You know, I get the occasional inquiry from folks looking for the various knock-offs of the Teenage Mutant Ninja Turtles that came out during the black and white boom of the early ’80s. Maybe a collection of some of those weirdo comics all slapped together under one cover could be a surprisingly popular item.

But otherwise…geez, I don’t know. I think a book putting together all of Bill Willingham’s Elementals might do okay, if there’s any bleedover from fans of Fables looking for more of his work.

Or how ’bout archival reprintings of Cracked magazine? I still get a little interest in Cracked and I suspect it could sell, especially with all that John Severin work in a lot of the issues.

But beyond that…geez, I’m drawin’ a blank. Maybe some of YOU out there have some ideas.

• • •

Brad Walker flies this in

“I just re-read the origin of J’onn J’onzz. Was there ever an in-story reason why his fellow JLAers Superman and Green Lantern didn’t give him a lift back to Mars?”

I…wondered that a lot myself when I was but a Young Mikester. I think that may have been part of the reasoning behind the various permutations of the Martain Manhunter’s assorted backstories. “Everyone else is dead” or “it was from long ago in the past and Mars is dead now” or “JJ is the last survivor of Mars<" or "Mars is at war they don't want him back/banished him" and so on. Not having read every early Martain Manhunter story, I don't know if this particular query was ever directly addressed in the texts, but I suppose the answer back then would have been "then we wouldn't have any Martain Manhuter stories to tell."

• • •

Chuck V. telepathically sent me


Oh, I can read your mind, Chuck V., and you’re thinking “that recent spate of DC movies could only have been improved by the inclusion of sequences just like this one,” and I can’t disagree, friend.

• • •

philfromgermany has a word for

“Any characters or concepts you’d like to be given the DC/Kamandi Challenge treatment?”

Well, Swamp Thing, natch. Just issue after issue of cliffhangers featuring our favorite muck encrusted mockery of a man. …Hey, I think we have the premise for our Swamp Thing: Season Two comic!

Almost typed “much-encrusted,” which technically is true as well.
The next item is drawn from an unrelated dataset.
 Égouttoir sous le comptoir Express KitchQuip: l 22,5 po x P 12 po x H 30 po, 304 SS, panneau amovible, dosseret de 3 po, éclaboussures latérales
§ July 17th, 2019 § Filed under question time § 4 Comments

Oh hey, remember your questions? Let me poke at a couple more of them:

Matt M. howls at the moon with

“Hey Mike. Who should play Blue Devil in the inevitable TV show?”

Well, the answer to that is, of course, Ian Ziering, currently appearing as Blue Devil’s alter ego Dan Cassidy on America’s favorite TV show about a muck-encrusted mockery of a man…no, no, not Last Man Standing, I’m talkin’ about Swamp Thing, natch.
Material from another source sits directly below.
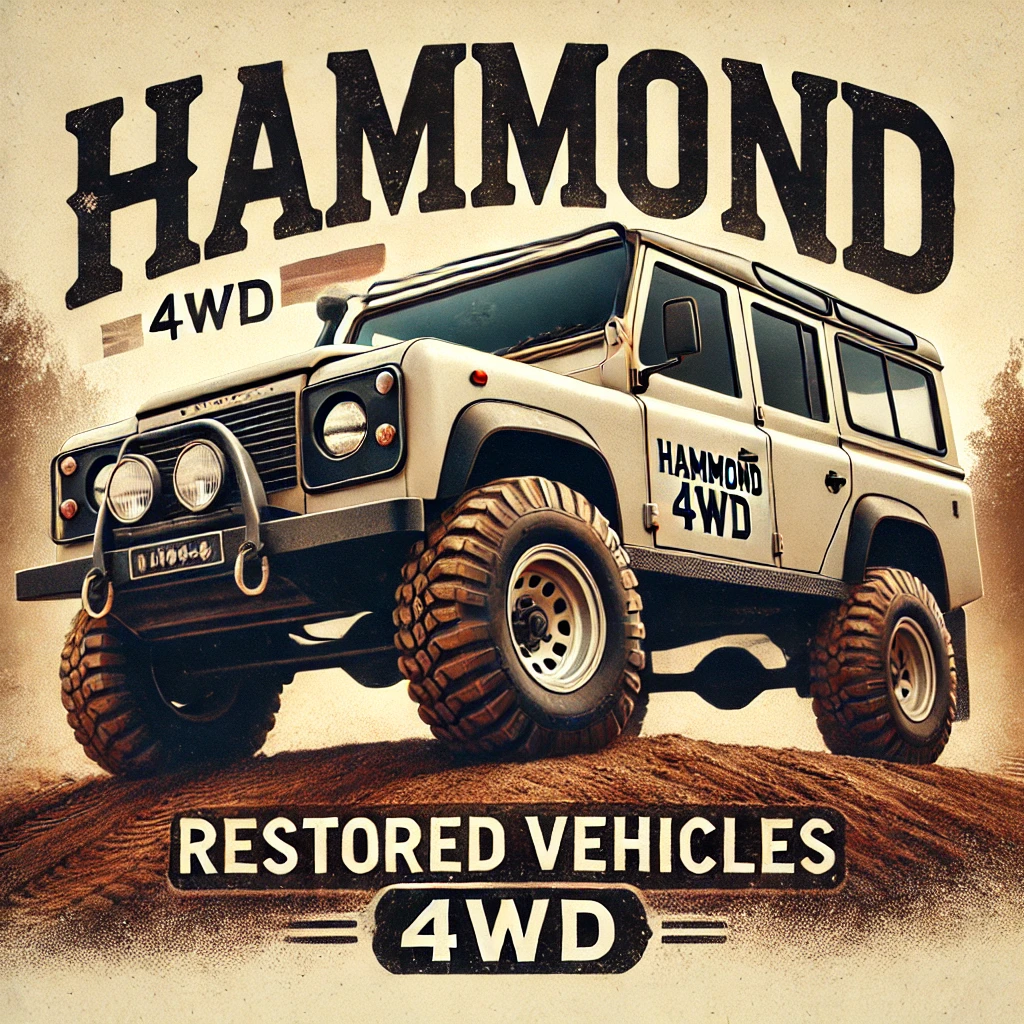 DALL·E 2024-09-18 15.08.00 - Create a promotional image for Hammond 4WD's 'Restored Vehicles' service. The image should feature a restored 4WD vehicle, looking pristine and ready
Now, I’m generally terrible at playing the “cast the superhero movie game” (except for this instance, where my casting for Wolverine is perhaps even greater that Hugh Jackman), so I hesitate to try to come up with someone suited (heh) for the role. Not that we’ve seen Mr. Ziering as said Blue Devil yet, nor are we likely to, or at least much of him, as Swamp Thing is headed to an early grave, as perhaps I’ve mentioned on this site before.
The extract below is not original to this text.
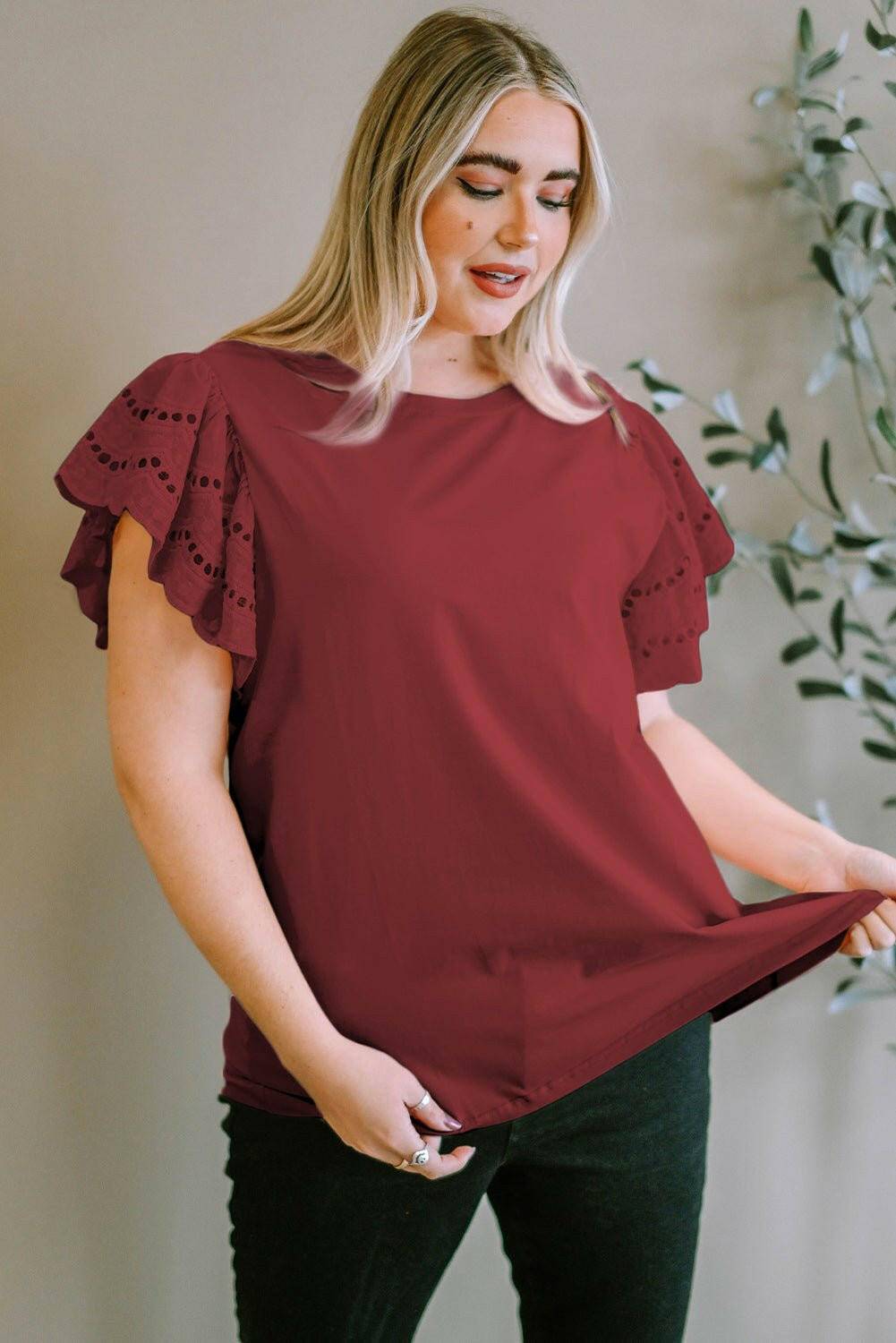 Elegant eyelet blouse for plus size women with short sleeves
So what I propose, to make up for whatever reason the decision was made to can the show, is to do the ol’ switcheroo. Start up a Blue Devil show starring Ian Ziering on the DC Universe service, which guest-stars Swamp Thing, and they can pick up all the plotlines and such from Swampy’s show. Yes, I agree, this idea is genius, and I shall allow DC and Warner Bros. to have it for free. You’re welcome.

• • •

JohnJ jingleheimers the following

“I’m curious how many customers attempt to buy multiple variant covers of new books. Primarily just on the $3.99 books but also on the #1000s. I’m given the option and if there is an Adam Hughes or Frank Cho cover available instead of the main cover, I’ll pick that instead. There must have been a screw-up on a recent Superman cover since I thought I ordered Hughes and ended up with a Rob Liefeld variant! It left me to wonder if his art has finally improved or if the inker decided to only ink half the lines.”

Okay, first, I don’t even remember that Liefeld variant, because that totally would have been the cover I took for myself. Maybe I missed it? You know, all those eye problems and such. But sure, covers get solicited with one artist and ship with another all the time. Well, not all the time, but it happens and the distributor sends out notices regarding the changes ahead of time.

And second…oh yeah, people buy multiple covers of the same comic. And yes, I very definitely had people buying multiples of the recent #1000s, and more than one person buying every variant of those #1000s. Yes, that cost a lot. I’ve even bveen tempted to pick up both covers on things, but I usually resist unless (surprise!) Swamp Thing is involved. Thanks a lot, Justice League Dark.

You ask “how many customers,” and it’s certainly not all of them. But absolutely a few. Which is fine, but can sometimes make ordering for the shelves tricky. You never know if a certain variant is going to catch on or not.

• • •

Kurt bouces in with

“Whatever happened to the New Warriors TV show?”

Well, they cornered Nitro and he used his blowing-up power to blow up which took out part of a city, and then Speedball became Penance, which was weird, and….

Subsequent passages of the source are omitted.